The jury heard few personal details about Chiem, who turns 65 in November.

Born in Vietnam, Chiem came to Canada with her parents and a son in 1980. The family settled in Halifax, where she worked as a seamstress and had two more children. When she moved to Toronto with three kids in 1989, their father stayed behind in Halifax. By then, Chiem was a Canadian citizen, according to defense documents filed with his bail application. (A judge turned down her release in the summer of 2021.)

While raising her sons and daughters in Toronto, Chiem worked on and off as a waitress at a Chinese restaurant. Missing was the detail that in 1999 and 2001, she was convict of operating body rub parlors without a license, contrary to city bylaws. Chiem was fined $2,000 and given two years probation.

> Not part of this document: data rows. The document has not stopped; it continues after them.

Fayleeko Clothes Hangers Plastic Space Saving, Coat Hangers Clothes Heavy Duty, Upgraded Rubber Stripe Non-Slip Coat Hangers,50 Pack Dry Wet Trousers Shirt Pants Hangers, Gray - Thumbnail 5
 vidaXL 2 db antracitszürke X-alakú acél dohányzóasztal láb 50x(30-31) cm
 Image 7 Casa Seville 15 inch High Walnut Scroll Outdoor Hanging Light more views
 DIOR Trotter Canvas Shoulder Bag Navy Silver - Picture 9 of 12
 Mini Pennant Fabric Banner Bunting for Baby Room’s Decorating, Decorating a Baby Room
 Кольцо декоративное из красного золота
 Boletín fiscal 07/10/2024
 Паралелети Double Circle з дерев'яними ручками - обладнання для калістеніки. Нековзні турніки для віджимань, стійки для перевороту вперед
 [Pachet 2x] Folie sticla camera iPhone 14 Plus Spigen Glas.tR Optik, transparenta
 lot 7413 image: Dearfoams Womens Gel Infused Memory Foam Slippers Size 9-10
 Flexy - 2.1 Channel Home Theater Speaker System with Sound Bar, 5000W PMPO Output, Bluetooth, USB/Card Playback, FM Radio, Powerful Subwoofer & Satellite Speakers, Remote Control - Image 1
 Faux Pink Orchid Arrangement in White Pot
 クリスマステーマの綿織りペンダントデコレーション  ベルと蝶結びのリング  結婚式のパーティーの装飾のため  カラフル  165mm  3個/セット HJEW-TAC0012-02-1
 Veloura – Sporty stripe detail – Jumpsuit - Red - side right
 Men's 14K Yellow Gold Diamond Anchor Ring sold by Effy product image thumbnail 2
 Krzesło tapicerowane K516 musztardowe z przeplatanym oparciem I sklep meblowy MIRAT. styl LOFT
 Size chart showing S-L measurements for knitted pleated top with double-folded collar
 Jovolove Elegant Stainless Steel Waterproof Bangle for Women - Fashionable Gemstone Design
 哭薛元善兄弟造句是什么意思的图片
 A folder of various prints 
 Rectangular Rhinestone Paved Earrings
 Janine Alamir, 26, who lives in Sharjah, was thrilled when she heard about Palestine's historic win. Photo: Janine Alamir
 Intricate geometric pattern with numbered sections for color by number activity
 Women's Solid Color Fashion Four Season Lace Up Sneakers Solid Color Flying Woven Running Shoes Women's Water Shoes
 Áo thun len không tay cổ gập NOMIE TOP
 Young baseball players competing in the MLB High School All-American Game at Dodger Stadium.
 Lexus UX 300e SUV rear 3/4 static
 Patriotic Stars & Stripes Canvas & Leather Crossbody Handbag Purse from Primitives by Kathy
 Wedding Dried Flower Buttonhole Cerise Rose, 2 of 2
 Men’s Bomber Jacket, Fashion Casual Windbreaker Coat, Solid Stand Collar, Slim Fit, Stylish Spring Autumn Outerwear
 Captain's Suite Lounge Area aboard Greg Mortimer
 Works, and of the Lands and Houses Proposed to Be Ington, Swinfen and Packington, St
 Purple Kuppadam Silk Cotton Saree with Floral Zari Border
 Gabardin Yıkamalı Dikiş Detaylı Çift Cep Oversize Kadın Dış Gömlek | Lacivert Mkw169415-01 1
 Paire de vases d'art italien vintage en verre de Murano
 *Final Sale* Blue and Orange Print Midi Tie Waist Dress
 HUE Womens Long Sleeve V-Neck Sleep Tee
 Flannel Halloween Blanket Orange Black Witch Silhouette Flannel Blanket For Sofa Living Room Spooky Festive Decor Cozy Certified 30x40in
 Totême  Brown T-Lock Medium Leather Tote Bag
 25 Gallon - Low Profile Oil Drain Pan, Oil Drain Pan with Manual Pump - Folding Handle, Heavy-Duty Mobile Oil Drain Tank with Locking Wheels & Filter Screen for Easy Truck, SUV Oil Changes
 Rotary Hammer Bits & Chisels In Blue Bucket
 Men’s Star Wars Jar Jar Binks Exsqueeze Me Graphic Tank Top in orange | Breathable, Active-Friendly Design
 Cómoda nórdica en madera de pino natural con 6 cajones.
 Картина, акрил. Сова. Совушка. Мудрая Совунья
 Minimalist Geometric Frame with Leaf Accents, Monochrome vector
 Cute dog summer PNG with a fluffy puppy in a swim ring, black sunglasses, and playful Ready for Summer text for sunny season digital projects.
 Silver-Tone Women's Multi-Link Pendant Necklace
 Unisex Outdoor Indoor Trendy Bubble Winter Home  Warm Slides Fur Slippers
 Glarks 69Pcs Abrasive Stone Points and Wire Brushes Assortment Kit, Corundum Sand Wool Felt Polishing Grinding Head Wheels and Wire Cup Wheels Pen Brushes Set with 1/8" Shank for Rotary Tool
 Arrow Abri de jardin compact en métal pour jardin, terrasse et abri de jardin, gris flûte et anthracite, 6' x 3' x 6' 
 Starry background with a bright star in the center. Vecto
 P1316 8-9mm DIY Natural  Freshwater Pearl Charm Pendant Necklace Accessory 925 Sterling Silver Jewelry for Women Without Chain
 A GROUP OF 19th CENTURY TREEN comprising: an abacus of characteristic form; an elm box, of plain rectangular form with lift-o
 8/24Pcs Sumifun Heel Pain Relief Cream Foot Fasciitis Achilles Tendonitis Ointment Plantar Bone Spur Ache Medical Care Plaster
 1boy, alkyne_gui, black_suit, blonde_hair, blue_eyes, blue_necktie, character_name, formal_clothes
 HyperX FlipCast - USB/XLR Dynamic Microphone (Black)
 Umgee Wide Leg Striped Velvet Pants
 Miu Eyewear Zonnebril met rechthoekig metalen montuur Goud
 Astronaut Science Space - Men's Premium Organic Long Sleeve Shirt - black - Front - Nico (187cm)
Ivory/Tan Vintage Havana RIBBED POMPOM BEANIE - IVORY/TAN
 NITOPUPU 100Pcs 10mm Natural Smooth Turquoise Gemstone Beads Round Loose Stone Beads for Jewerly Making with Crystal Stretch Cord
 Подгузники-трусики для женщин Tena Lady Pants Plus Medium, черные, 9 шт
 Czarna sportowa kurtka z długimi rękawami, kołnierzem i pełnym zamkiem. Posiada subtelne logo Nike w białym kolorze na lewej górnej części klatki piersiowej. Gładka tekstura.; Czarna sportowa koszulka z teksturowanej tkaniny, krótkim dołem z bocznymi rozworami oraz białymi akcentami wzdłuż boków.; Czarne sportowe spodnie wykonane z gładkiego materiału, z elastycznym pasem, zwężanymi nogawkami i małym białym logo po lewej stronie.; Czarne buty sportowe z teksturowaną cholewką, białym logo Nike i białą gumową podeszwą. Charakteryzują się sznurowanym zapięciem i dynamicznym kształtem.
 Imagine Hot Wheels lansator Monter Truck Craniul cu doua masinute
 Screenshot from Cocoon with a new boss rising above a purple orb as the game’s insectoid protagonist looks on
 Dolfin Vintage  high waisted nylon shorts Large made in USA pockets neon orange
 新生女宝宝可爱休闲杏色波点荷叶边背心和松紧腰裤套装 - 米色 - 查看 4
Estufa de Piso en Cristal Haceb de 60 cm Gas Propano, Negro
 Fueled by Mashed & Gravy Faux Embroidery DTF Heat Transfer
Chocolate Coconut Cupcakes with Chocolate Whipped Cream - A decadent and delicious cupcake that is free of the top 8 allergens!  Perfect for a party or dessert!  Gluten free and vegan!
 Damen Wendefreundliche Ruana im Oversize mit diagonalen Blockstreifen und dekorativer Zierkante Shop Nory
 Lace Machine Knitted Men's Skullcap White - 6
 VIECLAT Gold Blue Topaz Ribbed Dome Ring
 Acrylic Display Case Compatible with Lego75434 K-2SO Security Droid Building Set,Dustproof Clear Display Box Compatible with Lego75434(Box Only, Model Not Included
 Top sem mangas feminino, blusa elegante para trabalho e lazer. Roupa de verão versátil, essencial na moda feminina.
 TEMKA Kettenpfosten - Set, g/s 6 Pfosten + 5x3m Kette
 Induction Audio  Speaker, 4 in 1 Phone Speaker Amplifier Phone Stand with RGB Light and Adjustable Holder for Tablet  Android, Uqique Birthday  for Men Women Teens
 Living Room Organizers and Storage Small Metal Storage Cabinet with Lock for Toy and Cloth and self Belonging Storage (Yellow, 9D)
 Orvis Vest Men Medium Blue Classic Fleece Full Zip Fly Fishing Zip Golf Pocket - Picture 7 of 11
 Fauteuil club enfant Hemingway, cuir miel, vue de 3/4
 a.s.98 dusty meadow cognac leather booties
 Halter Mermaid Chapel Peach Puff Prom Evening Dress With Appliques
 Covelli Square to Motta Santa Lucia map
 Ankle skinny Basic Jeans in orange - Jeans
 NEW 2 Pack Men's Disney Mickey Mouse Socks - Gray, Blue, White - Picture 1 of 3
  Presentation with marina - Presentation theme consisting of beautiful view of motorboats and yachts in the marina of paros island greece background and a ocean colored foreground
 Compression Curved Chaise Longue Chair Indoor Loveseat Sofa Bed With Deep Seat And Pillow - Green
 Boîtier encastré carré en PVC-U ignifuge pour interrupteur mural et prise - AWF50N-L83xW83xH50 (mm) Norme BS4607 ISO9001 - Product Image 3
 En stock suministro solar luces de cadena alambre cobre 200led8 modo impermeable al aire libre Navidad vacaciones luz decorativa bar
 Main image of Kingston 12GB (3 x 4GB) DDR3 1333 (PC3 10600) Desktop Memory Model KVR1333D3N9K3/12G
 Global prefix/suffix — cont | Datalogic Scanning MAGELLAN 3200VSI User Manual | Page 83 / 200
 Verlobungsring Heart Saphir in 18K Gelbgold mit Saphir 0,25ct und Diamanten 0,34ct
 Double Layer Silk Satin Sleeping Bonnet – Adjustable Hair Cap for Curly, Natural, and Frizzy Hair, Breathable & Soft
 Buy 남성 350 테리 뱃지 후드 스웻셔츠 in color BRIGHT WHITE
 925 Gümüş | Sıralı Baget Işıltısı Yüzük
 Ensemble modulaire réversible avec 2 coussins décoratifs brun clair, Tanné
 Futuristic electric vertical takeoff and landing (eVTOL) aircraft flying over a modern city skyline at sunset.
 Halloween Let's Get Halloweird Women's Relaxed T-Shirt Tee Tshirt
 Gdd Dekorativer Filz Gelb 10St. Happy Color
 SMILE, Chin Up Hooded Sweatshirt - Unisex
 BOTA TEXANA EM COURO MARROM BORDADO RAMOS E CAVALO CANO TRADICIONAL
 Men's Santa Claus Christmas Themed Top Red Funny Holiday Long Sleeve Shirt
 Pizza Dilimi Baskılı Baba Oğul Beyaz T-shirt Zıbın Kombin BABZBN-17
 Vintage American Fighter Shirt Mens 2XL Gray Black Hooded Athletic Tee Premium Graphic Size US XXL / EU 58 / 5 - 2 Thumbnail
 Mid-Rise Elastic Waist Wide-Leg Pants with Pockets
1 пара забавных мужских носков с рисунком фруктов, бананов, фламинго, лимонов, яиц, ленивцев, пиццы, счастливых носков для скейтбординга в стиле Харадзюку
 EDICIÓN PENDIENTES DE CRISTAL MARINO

Chiem’s ​​later years were filled with trouble.

She suffered from depression and lived with her boyfriend, with whom she had a “volatile relationship,” along with her daughter and mother, and sometimes lived on the street, according to her good application. Her “nomadic lifestyle” put a strain on her relationship with her children, yet they remained “supportive and respectful,” wrote Lutes.

At the time of her arrest, Chiem was receiving income through the Ontario Disability Support Program.

Two days before Christmas, with the city under lockdown, Emergency Task Force officers executed a search warrant at her son’s house where they found Chiem under a blanket on the floor beneath a bed.